# Exercise input
______
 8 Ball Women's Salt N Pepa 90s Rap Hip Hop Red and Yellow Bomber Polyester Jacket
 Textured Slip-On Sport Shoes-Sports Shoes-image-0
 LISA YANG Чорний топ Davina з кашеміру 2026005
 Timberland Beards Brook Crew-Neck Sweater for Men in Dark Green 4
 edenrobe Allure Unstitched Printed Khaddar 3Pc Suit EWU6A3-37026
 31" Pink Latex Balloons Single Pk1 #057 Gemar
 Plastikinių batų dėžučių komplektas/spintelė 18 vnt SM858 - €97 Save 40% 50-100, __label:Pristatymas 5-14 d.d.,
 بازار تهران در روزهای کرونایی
______
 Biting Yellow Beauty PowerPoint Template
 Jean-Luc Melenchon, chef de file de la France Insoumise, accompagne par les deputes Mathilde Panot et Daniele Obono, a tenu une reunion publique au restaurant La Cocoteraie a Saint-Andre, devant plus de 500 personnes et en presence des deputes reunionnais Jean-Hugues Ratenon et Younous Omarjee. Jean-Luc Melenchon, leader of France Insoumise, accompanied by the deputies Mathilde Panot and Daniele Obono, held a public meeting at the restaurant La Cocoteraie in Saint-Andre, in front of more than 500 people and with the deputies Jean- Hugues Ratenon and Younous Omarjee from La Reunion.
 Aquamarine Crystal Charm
______
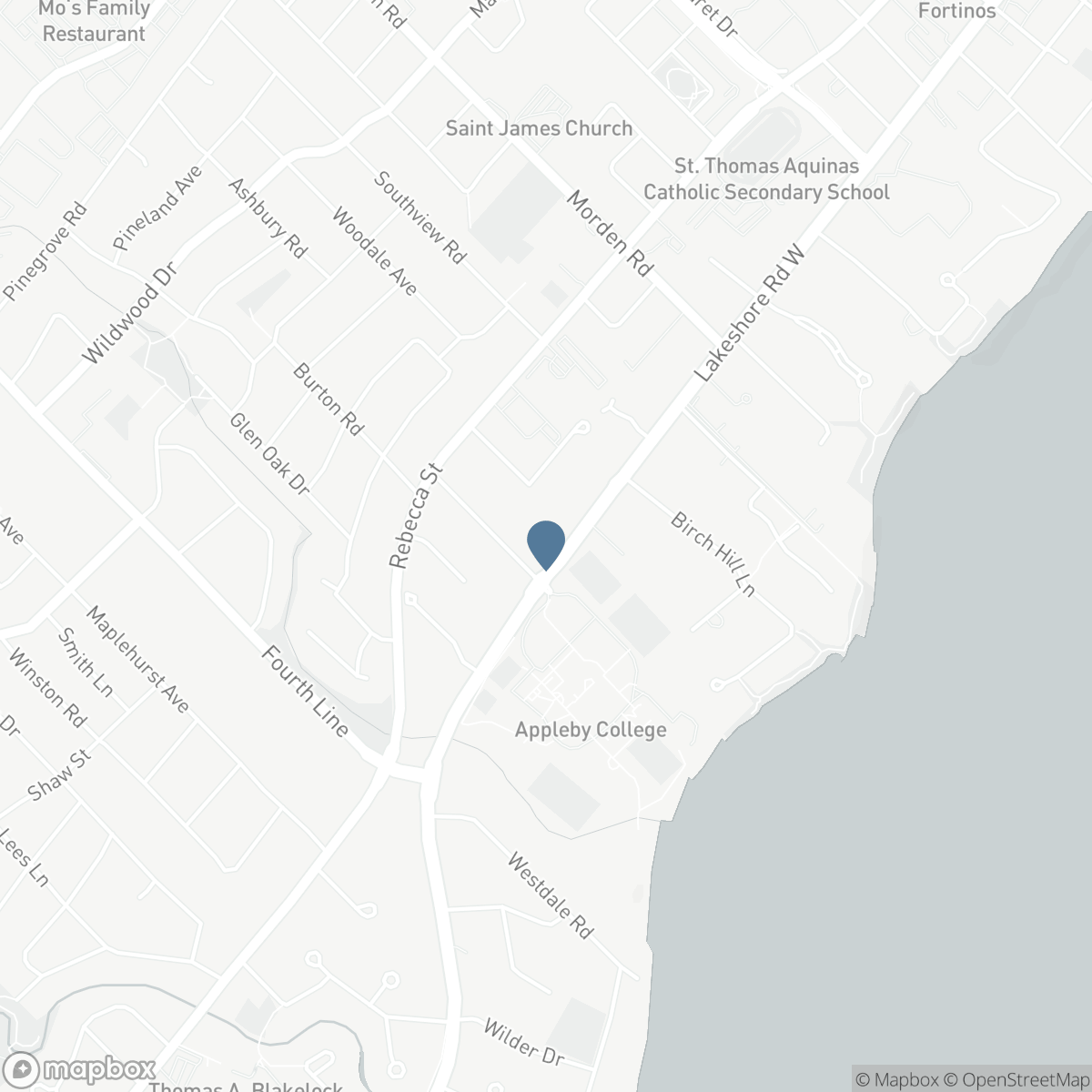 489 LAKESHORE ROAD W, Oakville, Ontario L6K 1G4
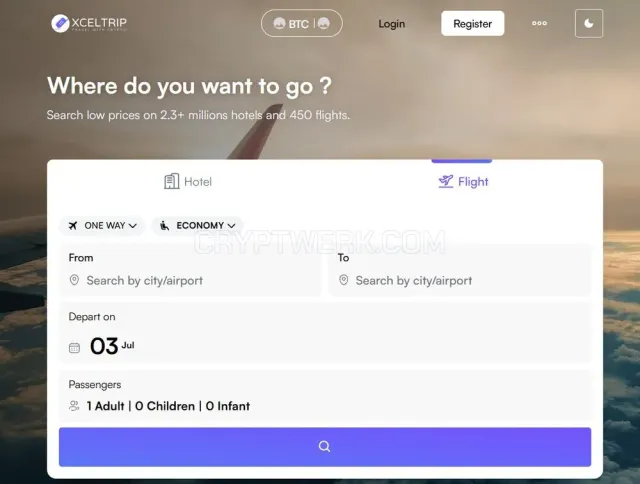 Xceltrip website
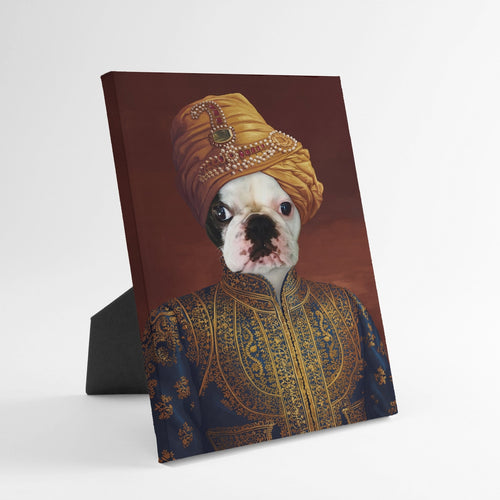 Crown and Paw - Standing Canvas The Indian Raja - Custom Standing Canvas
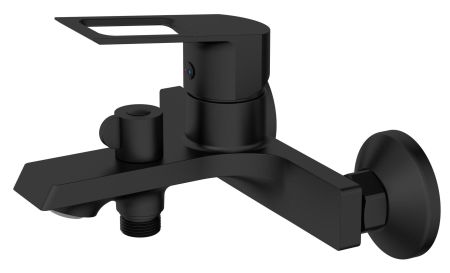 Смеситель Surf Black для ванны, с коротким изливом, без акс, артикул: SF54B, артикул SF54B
______
# Problem requirements
Your answer should be the lines above, from the line containing "8 Ball Women's" up to and including the line containing "Timberland Beards Brook", reproduced exactly and with nothing else.

# Output for this task
 8 Ball Women's Salt N Pepa 90s Rap Hip Hop Red and Yellow Bomber Polyester Jacket
 Textured Slip-On Sport Shoes-Sports Shoes-image-0
 LISA YANG Чорний топ Davina з кашеміру 2026005
 Timberland Beards Brook Crew-Neck Sweater for Men in Dark Green 4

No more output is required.